Cevat Paşa denizin üzerine baktığında, bir nur cümbüşü arasında “kef” ve “vav” harflerini gördü. Ardından uyandı. Ertesi gün bir muamma içinde rüyasını düşünürken az ilerde kendisini süzen nur yüzlü bir zata rastladı. O zat, Paşa’ya yaklaştı ve bir derdi olup olmadığını sordu. Paşa da, olup bitenleri anlattı.
O Allah dostu, Paşa’nın anlattığı muammayı deruni bir vukufiyetle açıkladı:
“Evladım! Deniz üzerinde gördüğün nur, zaferimize alamettir. Kâfirlerin bu topraklara sahip olamayacağını gösterir. “Kef” ve “vav” harfleri ise “ebced” hesabına göre 26 eder.
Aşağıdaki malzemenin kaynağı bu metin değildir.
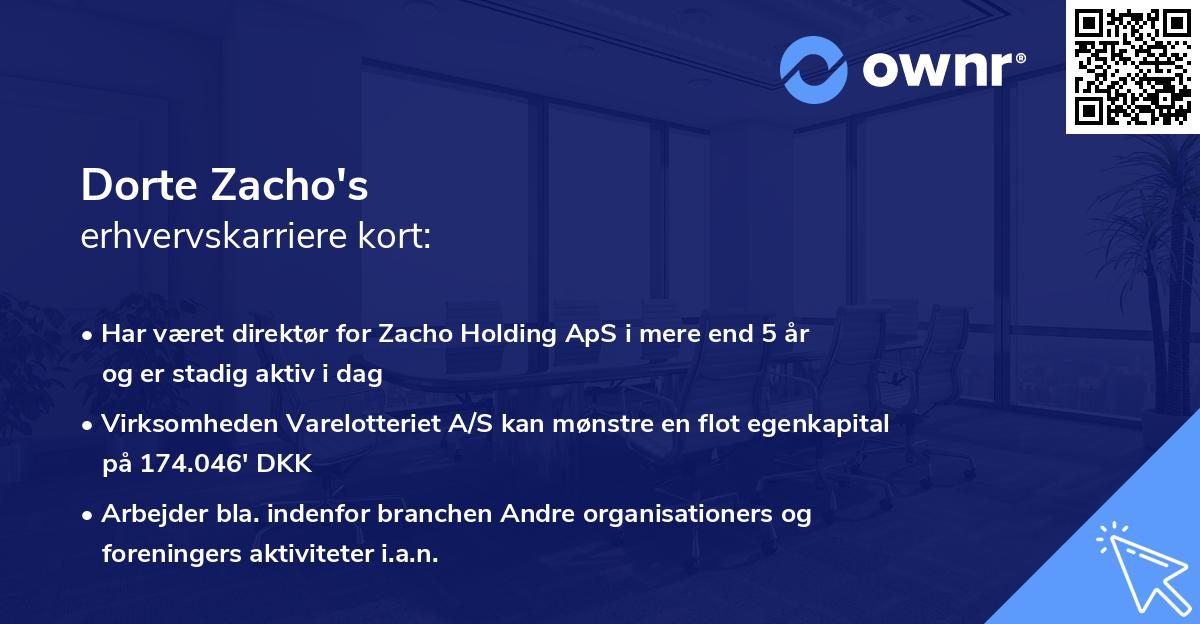 Dorte Zacho's erhvervskarriere kort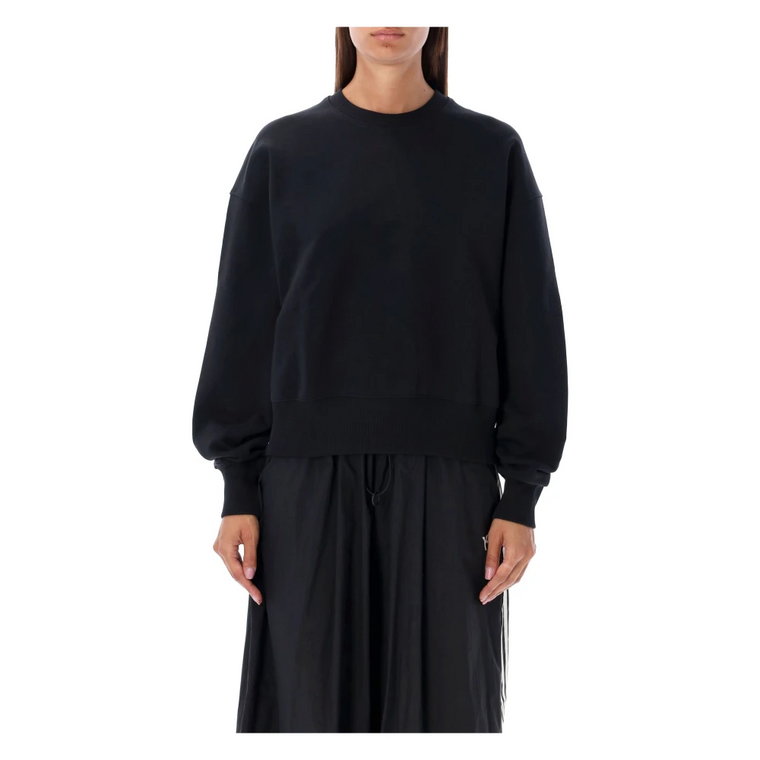 Czarna Odzież Dzianinowa Aw23, Cropped Crewneck Sweatshirt Y-3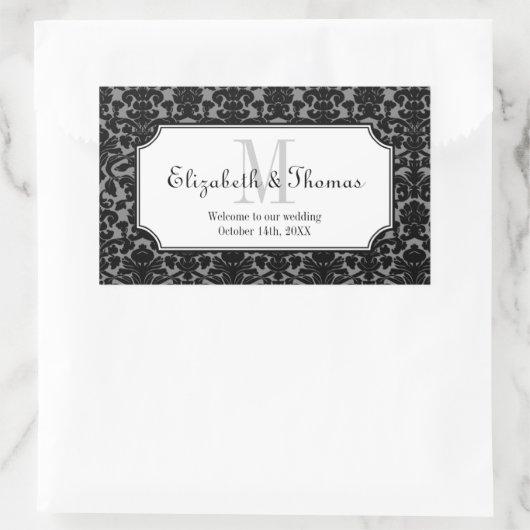 町の抱き枕からモノグラム黒ダマスクフレーム 長方形シール (バッグ)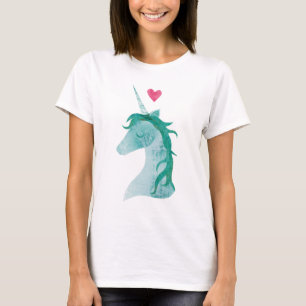 Blauwe Unicorn Magic met hart T-shirt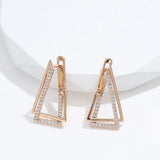 14 Karat Gold Filled Triangle Geometry Trendy AAA Zircon Diamonds Earrings For Women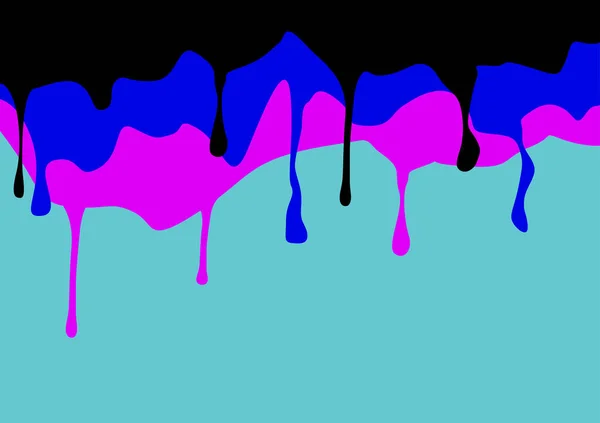 Многоцветный Расплав Капает Жидкие Капли Краски Изолированы Голубом Фоне Неба — стоковый вектор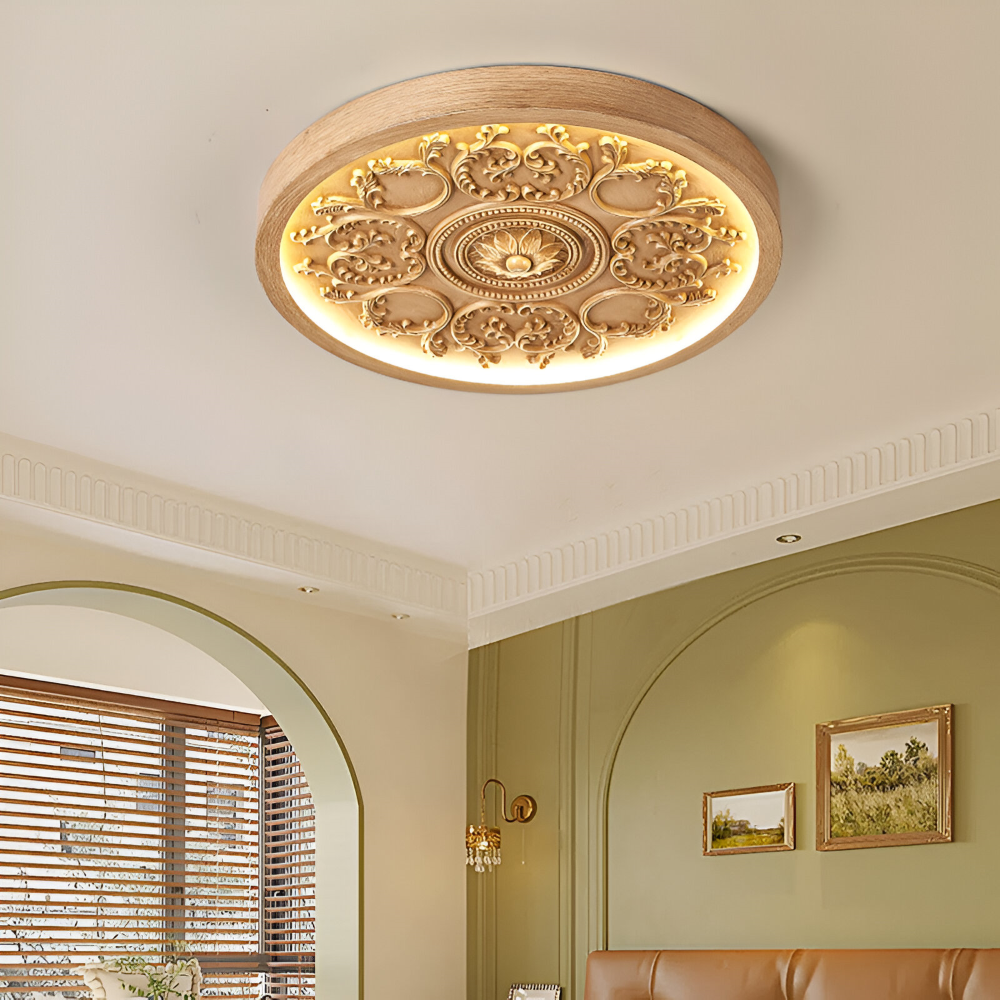 FloraGlow – Snidad LED-Taklampa i Resin med Minimalistisk Design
O halde deponuzdaki 26 mayını döşemeniz, zaferin en büyük hamlelerinden biri olacaktır.”
Bu sözlerin ardından nur yüzlü zat gözden kaybolurken, paşa vakit geçirmeden söylenen mayınları döşemeleri için derhal emir verdi.
Nusret Mayın Gemisi ile döşenene mayınlar, Yüzbaşı Hakkı Bey’in kumandasında vazifesini mükemmel bir şekilde yerine getirdi.
Gece yarısı denize salınan mayınların her biri besmele, tekbir ve salavatlar ile suya yerleştirildi.
Sizinde malumunuz olduğu üzere düşman donanması sırf bu mayınlar sebebiyle çok büyük zayiat verdiler.